Why is $\omega$-consistency needed in Gödel's original Incompleteness proof?

The issue is already present in step 1. Consistency is not a strong enough assumption on the theory to guarantee that the provability relation is representable.

For example, if $T$ is taken to be $\text{PA} + \lnot\text{Con}(PA)$, which is not $\omega$-consistent, then we have $T \vdash \text{Pvbl}_T(\phi)$ for all $\phi$, but $T$ is consistent, so for many $\phi$ we also have $T \not \vdash \phi$. Thus we do not have the whole scheme $T \vdash \phi \Leftrightarrow T \vdash \text{Pvbl}_T(\phi)$, as claimed by (1).

The source of confusion may be that you seem to be quantifying over predicates when you write "a predicate $PRV_F$ exists s.t. $F \vdash A \Leftrightarrow F \vdash PRV_F(A)$". In fact we construct a specific predicate $\text{Pvbl}$ in order to derive scheme (1) from the question.

In order to show that $T \vdash A$ implies $T \vdash \text{Pvbl}(A)$, which is part of showing that $\text{Pvbl}$ does represent the provability relation, we rely on $\text{Pvbl}$ being the actual provability predicate, so that we can transform any derivation of $A$ into a derivation of $\text{Pvbl}(A)$.

Similarly, in showing that $T \vdash \text{Pvbl}(A)$ implies $T \vdash A$, we use the $\omega$-consistency of $T$ to know that, if $T \vdash \text{Pvbl}(A)$ then there is actually a natural number $n$ that codes a derivation of $A$ from $T$.

You may be thinking of general results that show that certain theories are able to represent every computable set, or weakly represent every r.e. set. It is true that the representability of the provability relation follows from these general results. But the proofs of these general results also assume that the theory is $\omega$-consistent, or at least $1$-consistent, not just that the theory is consistent.


Since I had some issues with this topic, too, I would like to share my thoughts on it.

Notice, that I use $\color{red}{red}$ whenever the so denoted things are meant to be syntactic ones. This was (and remains) to me always the key to get things clear: in which "world" are these objects I'm thinking about?

1. There are two different predicates involved:

First, one construct the proof-predicate $Pr_F(x,y)$ in the recursive world, which states that $x$ codes a proof (in $F$ with the Hilbert Calculus) for the formula which is coded by $y$. This is strongly representable in $F$, hence, there is a formula $\color{red}{Pr_F}$ such that:

$$\begin{align}Pr_F(x,y) &\Leftrightarrow F\vdash \color{red}{Pr_F(\overline{x},\overline{y})}\\\neg Pr_F(x,y)&\Leftrightarrow F \vdash\color{red}{\neg Pr_F(\overline x,\overline y)}\end{align}$$

Now, what we are interested in is more: we want to say that some formula is provable, i.e. that there is a proof. So, second, we define the provable-predicate in the first-order language world:

$$\color{red}{P_F(y)\leftrightarrow\exists x . Pr_F(x,y)}$$

Now, what you've stated in (1) holds for $Pr_F$, but it makes no sense to state such a property for $\color{red}{P_F}$, since this is just a formula, but not a primitive recursive predicate. Even more: if we would like to define it as a primitive recursive predicate (at first, then get it via representability into the syntactic world), we couldn't, since there is an unbound quantifier involved!

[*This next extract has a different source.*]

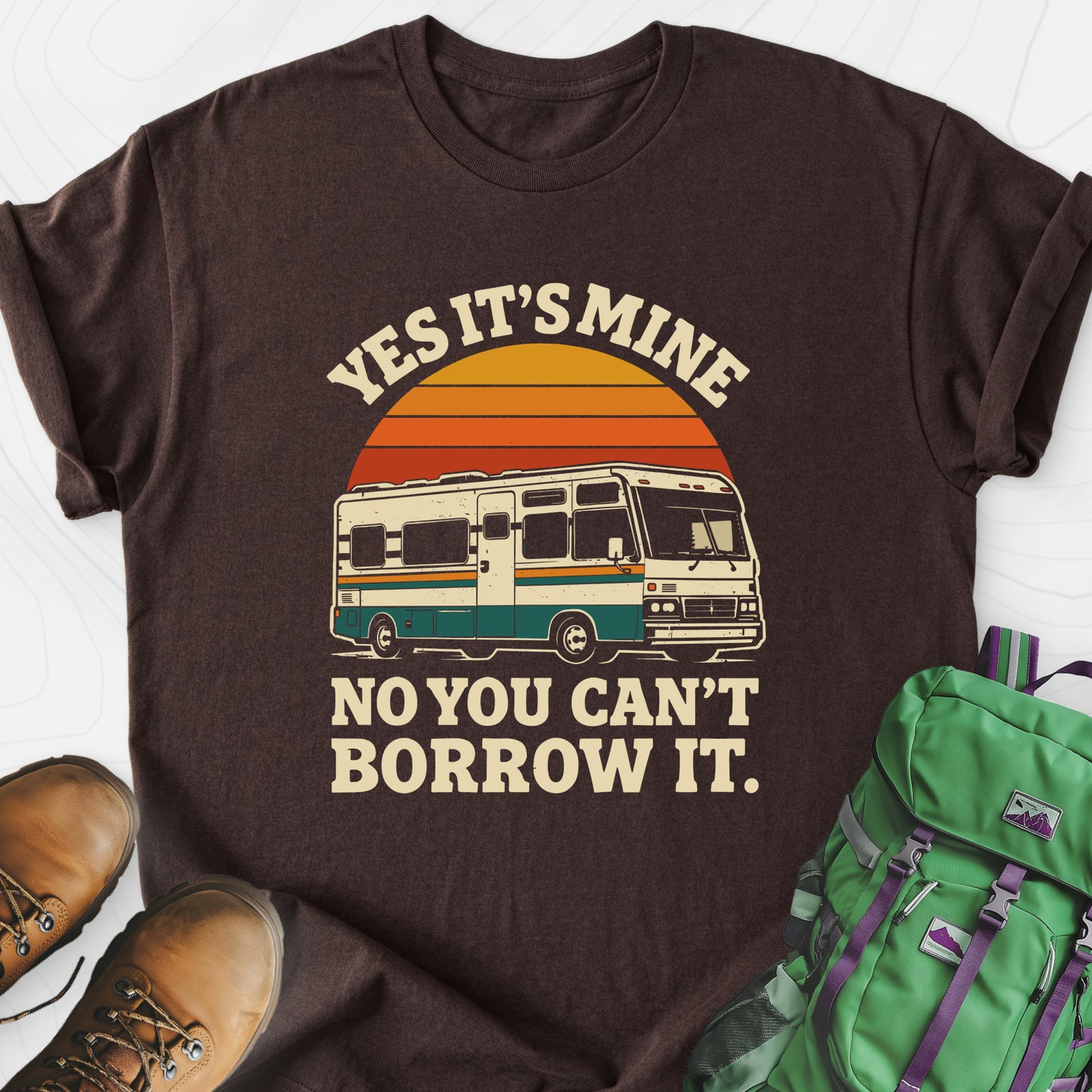 Can’t Borrow It Dark Chocolate front print lightweight T-shirt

2. These predicates aren't equivalent in $F$

What we have now is the following:

$$\begin{align} F \vdash \color{red}\phi &\Longleftrightarrow \text{exists closed term $\color{red}{t}$, such that }F\vdash\color{red}{Pr_F(t,\ulcorner\phi\urcorner)}\\&\Longrightarrow F\vdash\color{red}{P_F(\ulcorner\phi\urcorner)}\end{align}$$

but the other direction does not need to hold. You can see it clearly here, what we would need is a closed term $\color{red}t$.

Consider the following note: The quantifiers range over the hole universe, but not every element in the universe must be expressible within the given language. (If you find some time, there are pretty simple examples you could construct. The most obvious is of course the language with one constant symbol, etc.)

Now, $\omega$-consistency to the rescue gets us the $\color{red}t$.

3. A historical note

Although Gödel's original proof assumed $\omega$-consistency it had its effect already on the community. So it shouldn't be overrated, it's more a small taint.